- [Required action]: Reproduce the records word for word, leaving out any pictures they hold.
Start of Dataset records
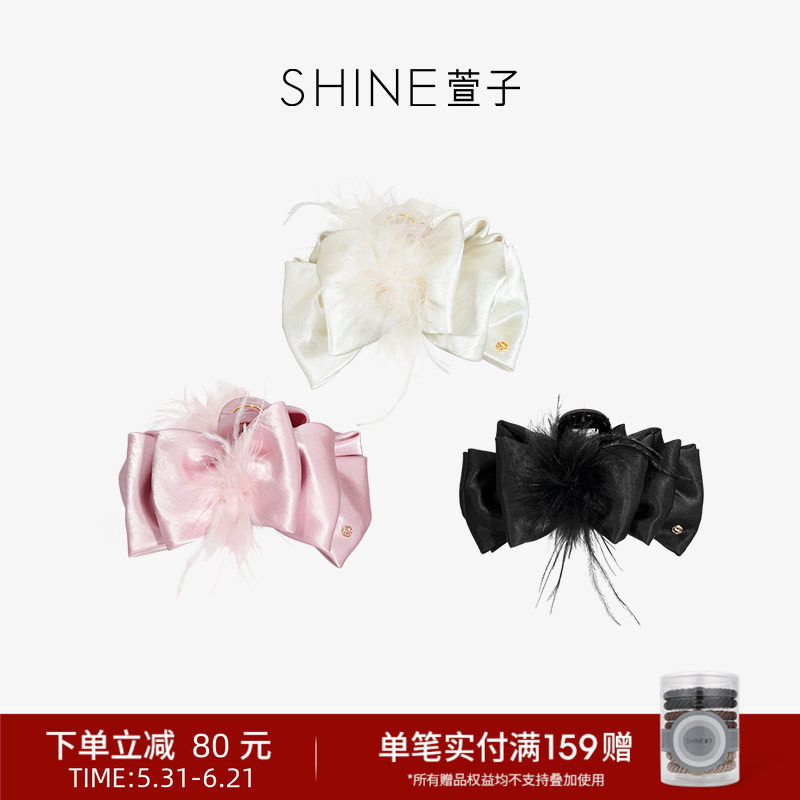 SHINE萱子饰品优雅浪漫羽毛蝴蝶结抓夹女早春氛围感缎面发夹发饰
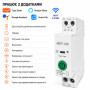 WiFi розумний-вимикач з повним захистом, лічильниками, таймером 1P+N 63A 230V Smart Life, Tuya [TY-VAP] Tuya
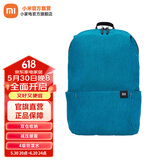 小米小背包10L 书包 多场景适用舒适不勒肩 防泼水双肩包简约 小米小背包 亮蓝色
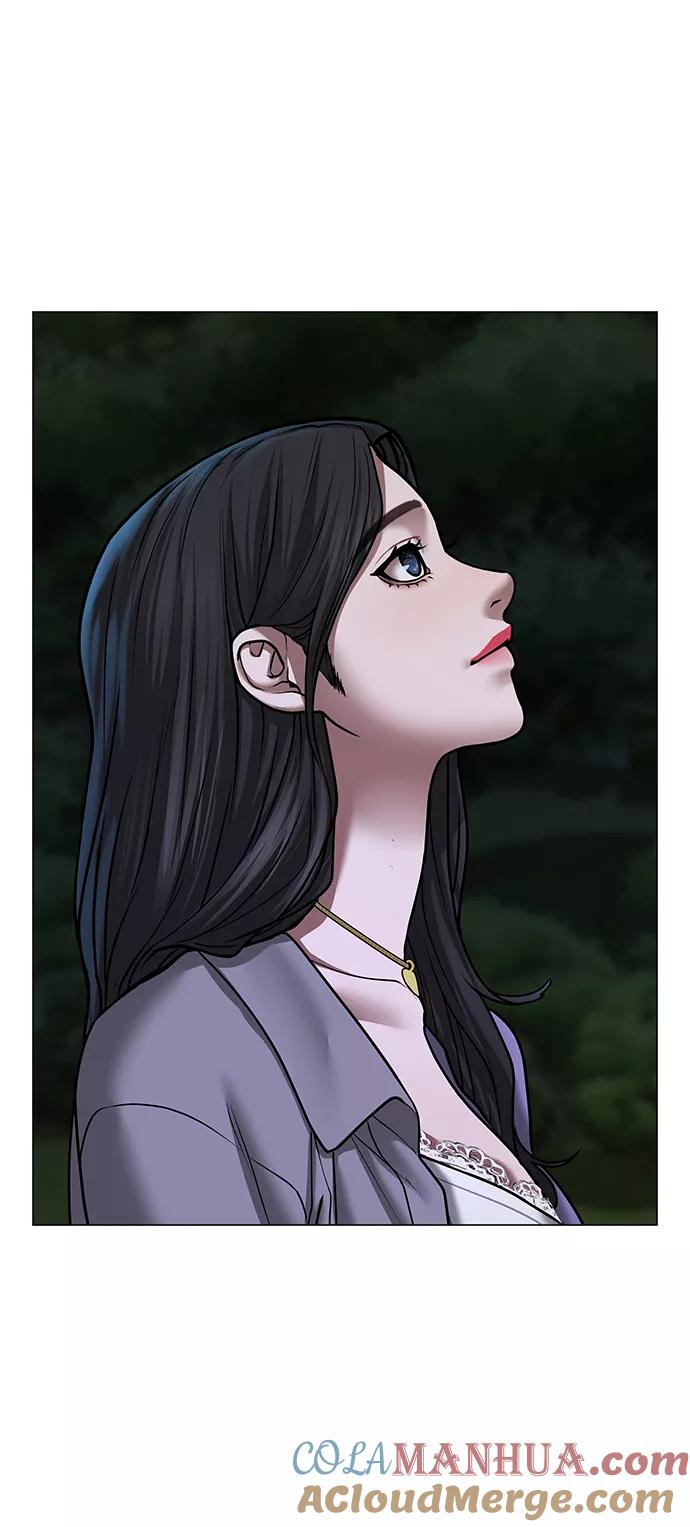 《现实闯关》第43话 第9页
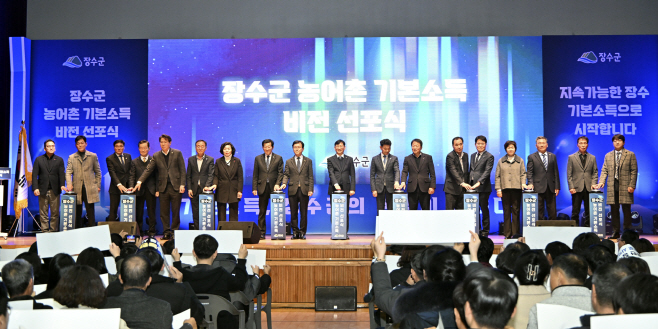 1 장수군 농어촌 기본소득 도약 비전 선포식 (4)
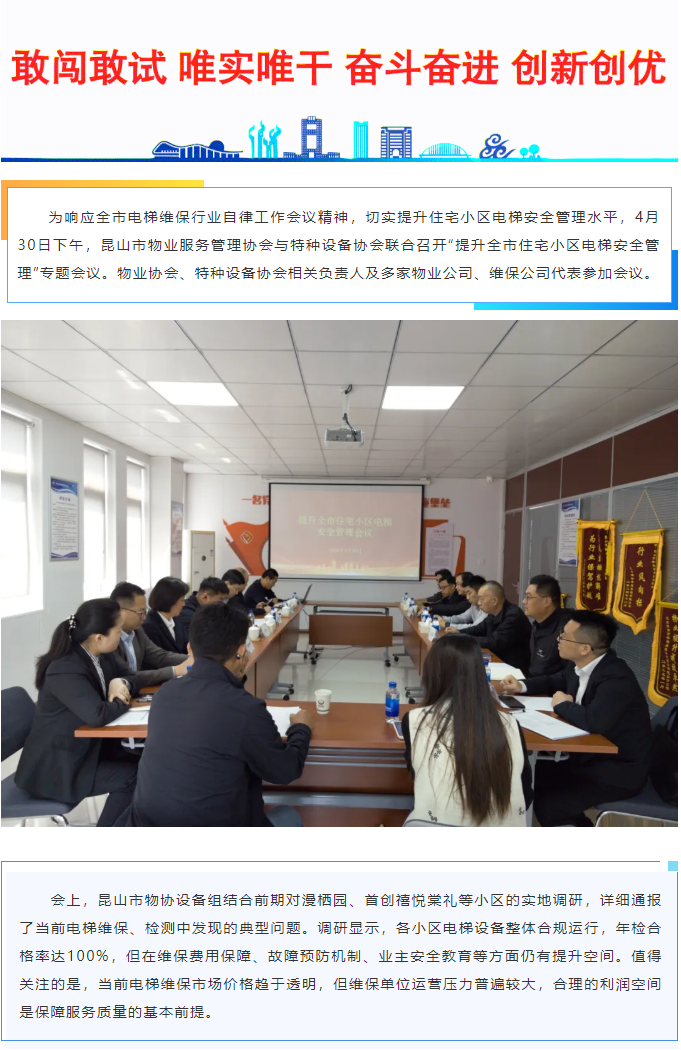 491118fb-bcc2-47b8-9300-ad6f7ccf7791.png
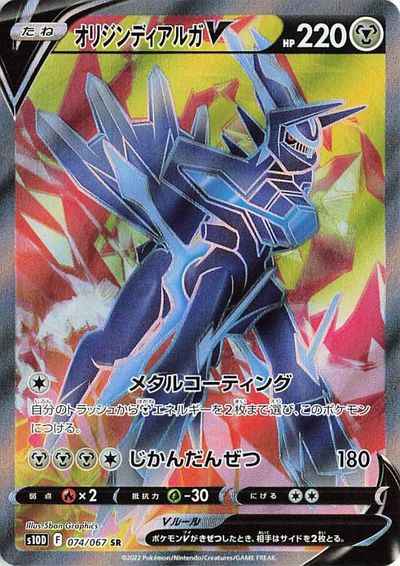 Dialga V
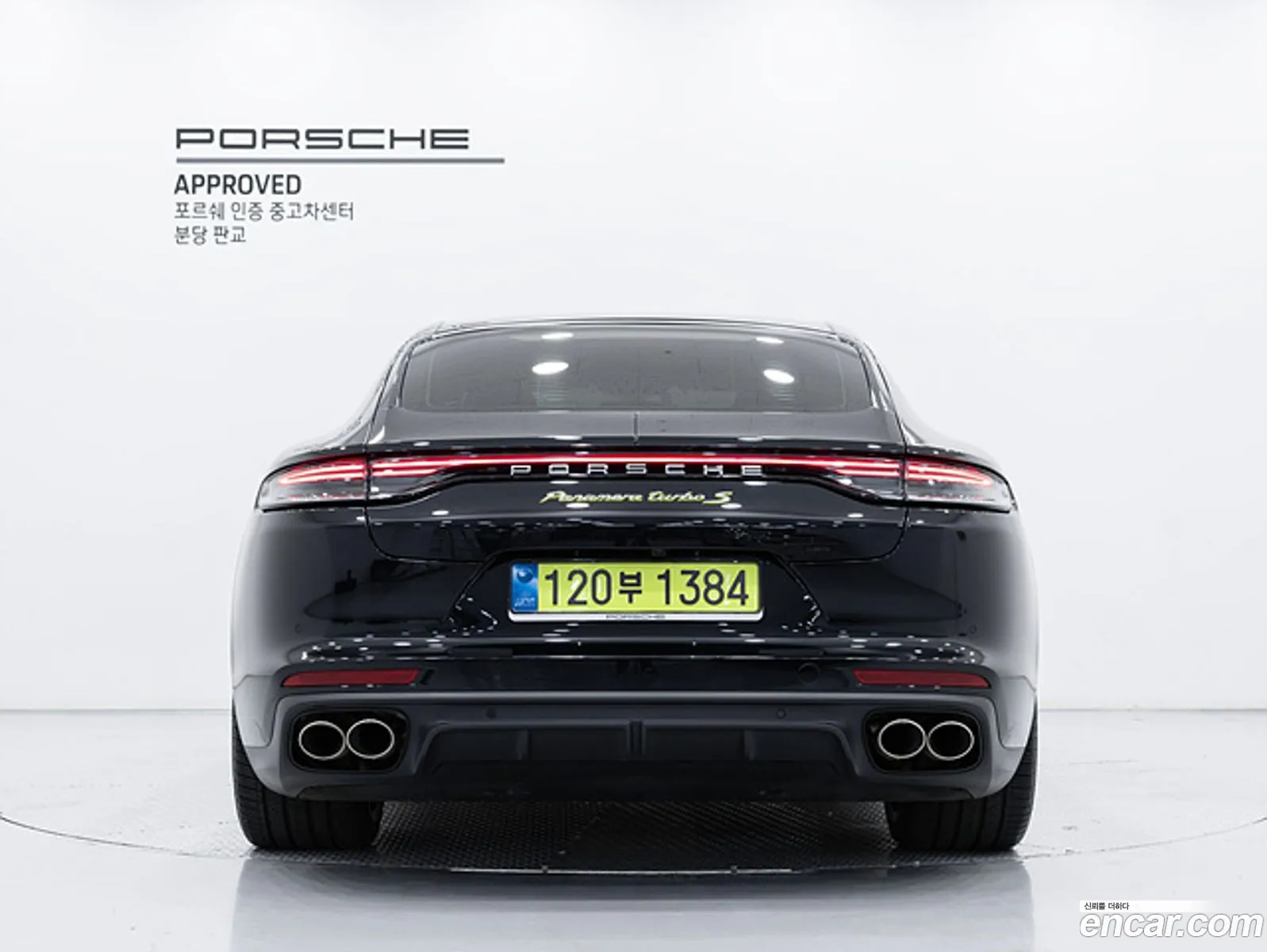 Porsche Panamera 2023 — 7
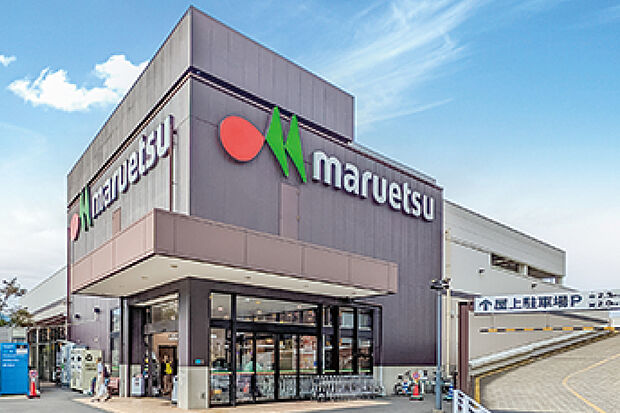 マルエツ大久保駅前店（現地より徒歩9分）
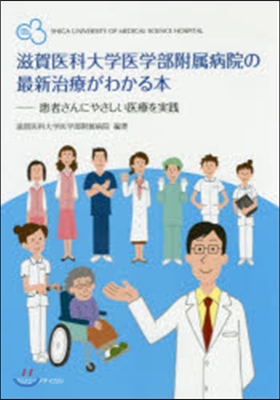 滋賀醫科大學醫學部附屬病院の最新治療がわ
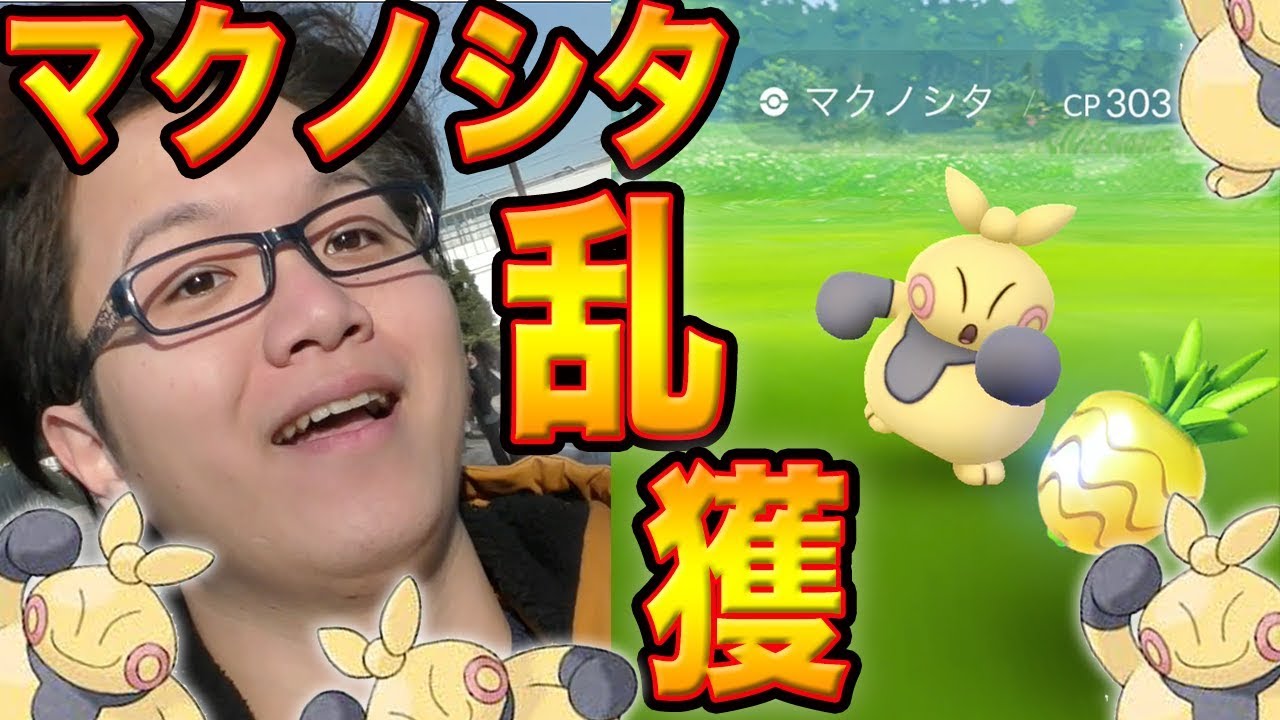 東京イチ効率が良い巣?ハリテヤマ作成が速攻で終わった件w【ポケモンGO】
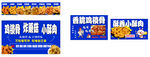 雞鎖骨 炸蘑菇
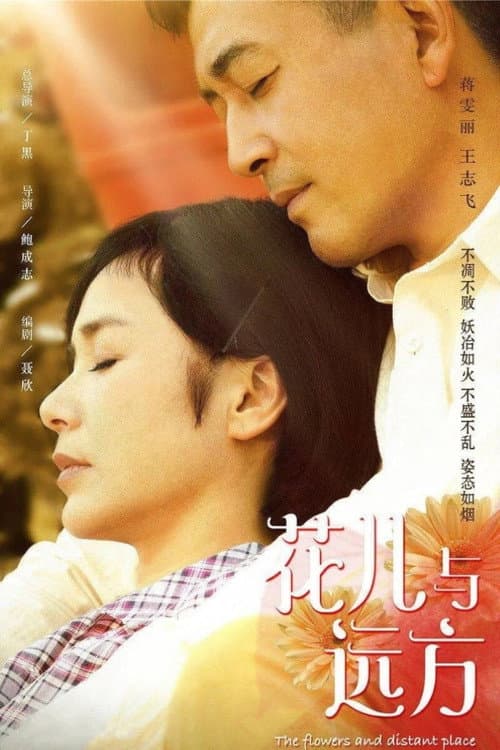 The Flowers and Distant Place poster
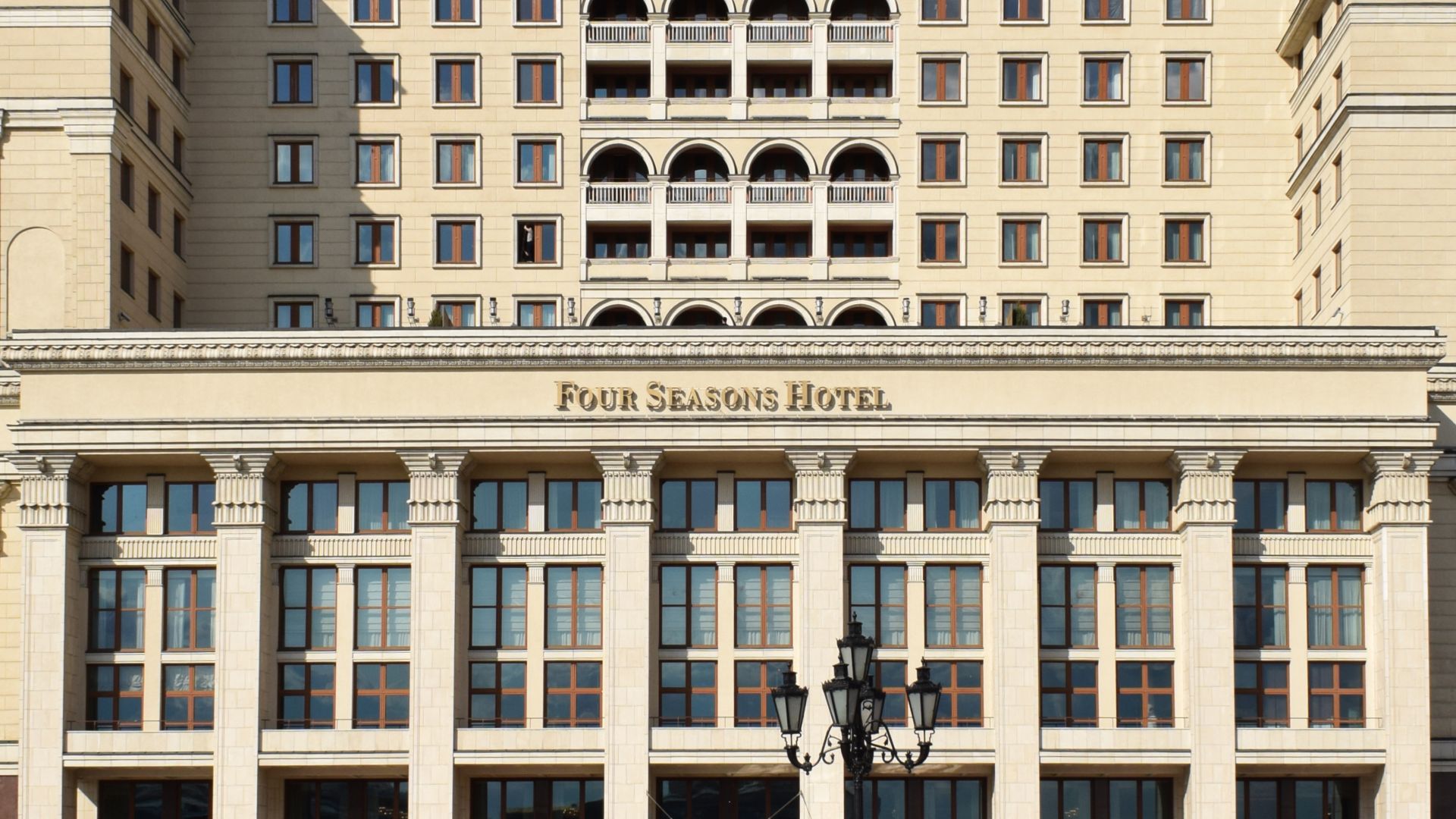 File:Four Seasons Hotel Facade 2024-5.jpg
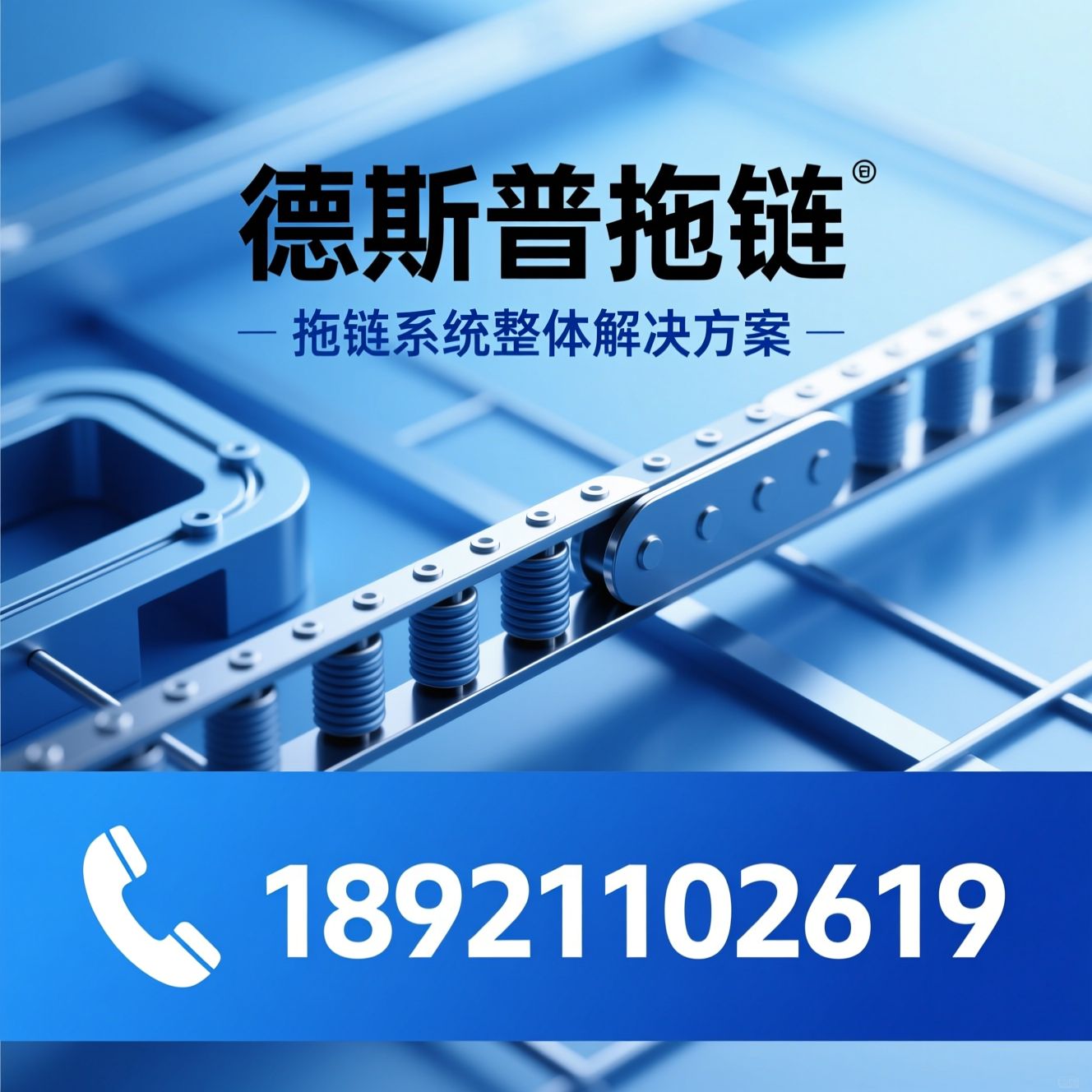 拖链_尼龙拖链/钢制拖链/推荐德斯普拖链服务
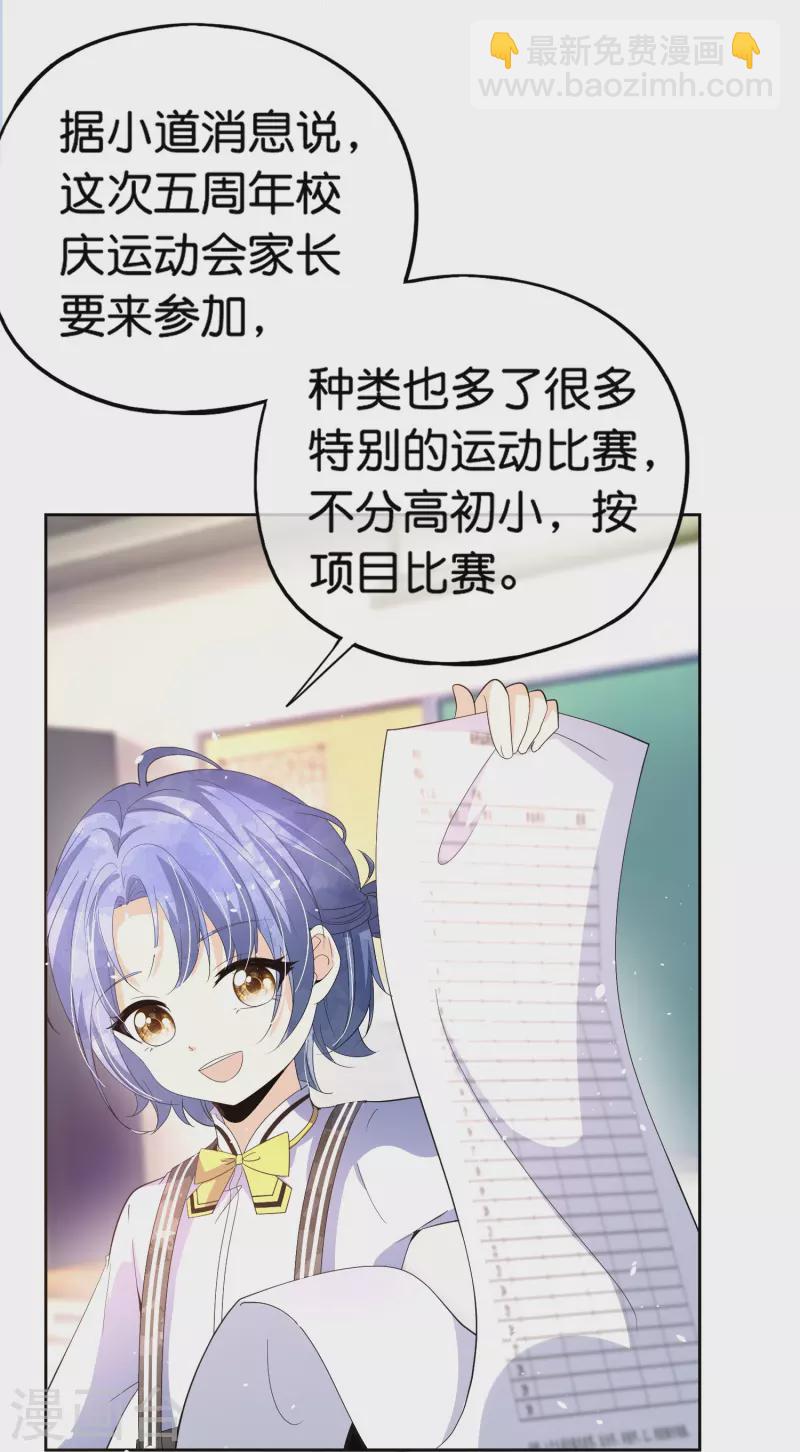 契約冷妻不好惹 - 第261話 大魔王厲皓曦 - 1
End of Dataset records
- [Problem solution]:
 SHINE萱子饰品优雅浪漫羽毛蝴蝶结抓夹女早春氛围感缎面发夹发饰
 WiFi розумний-вимикач з повним захистом, лічильниками, таймером 1P+N 63A 230V Smart Life, Tuya [TY-VAP] Tuya
 小米小背包10L 书包 多场景适用舒适不勒肩 防泼水双肩包简约 小米小背包 亮蓝色
 《现实闯关》第43话 第9页
 1 장수군 농어촌 기본소득 도약 비전 선포식 (4)
 491118fb-bcc2-47b8-9300-ad6f7ccf7791.png
 Dialga V
 Porsche Panamera 2023 — 7
 マルエツ大久保駅前店（現地より徒歩9分）
 滋賀醫科大學醫學部附屬病院の最新治療がわ
 東京イチ効率が良い巣?ハリテヤマ作成が速攻で終わった件w【ポケモンGO】
 雞鎖骨 炸蘑菇
 The Flowers and Distant Place poster
 File:Four Seasons Hotel Facade 2024-5.jpg
 拖链_尼龙拖链/钢制拖链/推荐德斯普拖链服务
 契約冷妻不好惹 - 第261話 大魔王厲皓曦 - 1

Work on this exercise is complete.